Your instructions: The response should hold each line from the entries below where "Photo" is found.

[Saved entries]

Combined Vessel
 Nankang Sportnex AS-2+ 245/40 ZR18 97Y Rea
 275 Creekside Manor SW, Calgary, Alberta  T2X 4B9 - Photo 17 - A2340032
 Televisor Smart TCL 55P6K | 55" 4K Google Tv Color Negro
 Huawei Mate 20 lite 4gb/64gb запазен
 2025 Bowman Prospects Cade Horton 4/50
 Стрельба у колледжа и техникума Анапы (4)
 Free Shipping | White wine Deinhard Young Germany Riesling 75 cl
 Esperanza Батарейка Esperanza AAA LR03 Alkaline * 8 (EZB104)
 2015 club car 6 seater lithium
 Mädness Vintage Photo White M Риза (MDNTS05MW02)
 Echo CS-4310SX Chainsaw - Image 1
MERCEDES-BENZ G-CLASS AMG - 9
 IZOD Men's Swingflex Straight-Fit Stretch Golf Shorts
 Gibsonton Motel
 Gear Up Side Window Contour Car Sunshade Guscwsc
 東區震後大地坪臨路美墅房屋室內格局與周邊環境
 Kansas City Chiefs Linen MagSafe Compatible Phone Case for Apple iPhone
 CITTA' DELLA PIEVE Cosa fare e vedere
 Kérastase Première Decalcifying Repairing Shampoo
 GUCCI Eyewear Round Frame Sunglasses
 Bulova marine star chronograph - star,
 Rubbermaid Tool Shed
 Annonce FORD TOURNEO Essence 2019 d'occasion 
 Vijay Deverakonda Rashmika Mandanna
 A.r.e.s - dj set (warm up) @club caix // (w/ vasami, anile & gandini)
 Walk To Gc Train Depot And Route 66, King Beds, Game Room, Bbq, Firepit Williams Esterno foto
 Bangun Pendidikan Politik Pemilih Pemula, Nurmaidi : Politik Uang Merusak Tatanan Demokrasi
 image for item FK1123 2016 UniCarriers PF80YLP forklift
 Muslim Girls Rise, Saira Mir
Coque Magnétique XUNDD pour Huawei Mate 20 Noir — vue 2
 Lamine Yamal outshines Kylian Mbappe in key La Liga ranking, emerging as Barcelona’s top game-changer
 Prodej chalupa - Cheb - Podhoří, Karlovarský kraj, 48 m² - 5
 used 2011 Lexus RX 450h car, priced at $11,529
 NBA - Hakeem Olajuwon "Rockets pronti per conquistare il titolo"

Task response:
 275 Creekside Manor SW, Calgary, Alberta  T2X 4B9 - Photo 17 - A2340032
 Mädness Vintage Photo White M Риза (MDNTS05MW02)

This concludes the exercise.